We focussed on the flagella genes and the secondary cdt operon and performed phylogenetic analysis of these regions. For the flagella genes,
we extracted this locus from the core genome alignment and then determined a maximum
likelihood phylogeny (Fig. 4). The phylogenetic tree showed comprehensively that flgD, E and flgL sequences are highly conserved in all six of the hyper-invasive strains and are divergent
from the majority of versions found across the species. The hyper-invasive flagella
genes form a distinct secondary clade that contains nine other C. jejuni strains that have not been characterised for invasion capacity (Fig. 4). For the second cdt operon, we aligned the sequences in hyper-invasive strains against all available
cdtA alleles available on the Campylobacter BigsDB website (http://pubmlst.org/campylobacter/) and created a maximum likelihood phylogeny (Fig. 5). This approach was taken as the cdt operon was not present in every genome included in Fig. 1, and to ensure as comprehensive an analysis as possible against the full diversity
of the cdt locus within C. jejuni. The phylogenetic separation of the cdt is even more apparent with the six hyper-invasive secondary cdt operons forming a highly divergent clade from all other C. jejuni alleles of cdt that have been sequenced (Fig. 5).
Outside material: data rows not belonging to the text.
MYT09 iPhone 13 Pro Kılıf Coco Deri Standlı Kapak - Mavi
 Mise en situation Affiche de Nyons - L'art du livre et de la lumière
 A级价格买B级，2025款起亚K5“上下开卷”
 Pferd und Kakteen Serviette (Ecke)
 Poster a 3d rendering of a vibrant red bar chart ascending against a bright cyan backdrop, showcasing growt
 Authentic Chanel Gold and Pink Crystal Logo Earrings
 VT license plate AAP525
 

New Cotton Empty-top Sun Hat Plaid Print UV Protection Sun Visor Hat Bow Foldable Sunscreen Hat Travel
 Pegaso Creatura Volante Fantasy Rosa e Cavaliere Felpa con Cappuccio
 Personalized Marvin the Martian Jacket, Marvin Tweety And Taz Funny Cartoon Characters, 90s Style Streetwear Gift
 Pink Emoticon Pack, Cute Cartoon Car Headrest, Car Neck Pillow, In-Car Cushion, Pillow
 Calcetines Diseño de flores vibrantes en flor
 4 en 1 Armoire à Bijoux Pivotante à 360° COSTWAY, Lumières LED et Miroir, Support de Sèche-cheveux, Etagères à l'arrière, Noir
BLAST analysis suggested the hyper-invasive cdt genes were similar to those found in C. jejuni subsp. doylei and C. lari.

Fig. 4. Maximum likelihood phylogeny of the concatenated sequences of flgD, E and L extracted from all 131 genomes used to create the core genome phylogeny. The hyper-invasive
isolates are highlighted in red

Fig. 5. Maximum likelihood phylogeny of all available alleles of cdtA from the BigsDB Campylobacter database aligned with the cdtA gene identified in the secondary CDT operon of the hyper-invasive isolates. The hyper-invasive
strains are highlighted in red

To confirm that this allele sharing between the hyper-invasive strains was not a random
event, we determined the likelihood of any given gene allele being shared between
strains belonging to the three phylogenetic clades containing the hyper-invasive strains
(clades marked in red in Fig. 1). A pan-genome matrix of all strains belonging to the three clades was created in
LS-BSR and the number of alleles shared between these three clades measured. A total
of 1551 genetic loci were compared and of those 53 shared an identical allele across
the three clades containing hyper-invasive isolates, giving a probability of random
allele sharing between these clades of 0.038. This provides strong statistical support
that the cdt and flagella gene alleles shared between the hyper-invasive strains are not random
and are associated with the shared phenotype of hyper-invasion.